**Data excerpt**

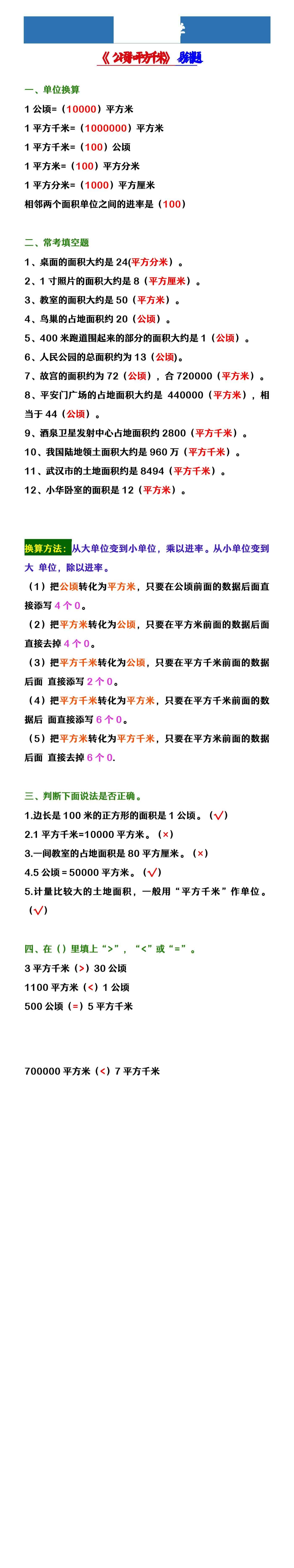 四年级上册数学 《公顷和平方千米》易错题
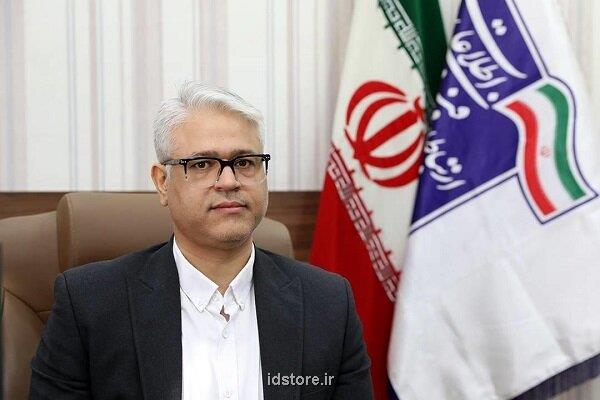 بهینه سازی انرژی با هوش مصنوعی در 3ماه آینده میزان پیشرفت شبکه اطلاعات
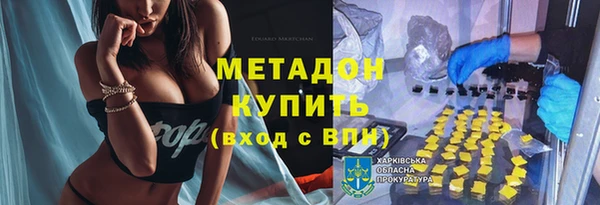 бошки Абинск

**Task statement**
Word for word, repeat the material above and drop the pictures.

**Exercise answer**
 四年级上册数学 《公顷和平方千米》易错题
 بهینه سازی انرژی با هوش مصنوعی در 3ماه آینده میزان پیشرفت شبکه اطلاعات
 бошки Абинск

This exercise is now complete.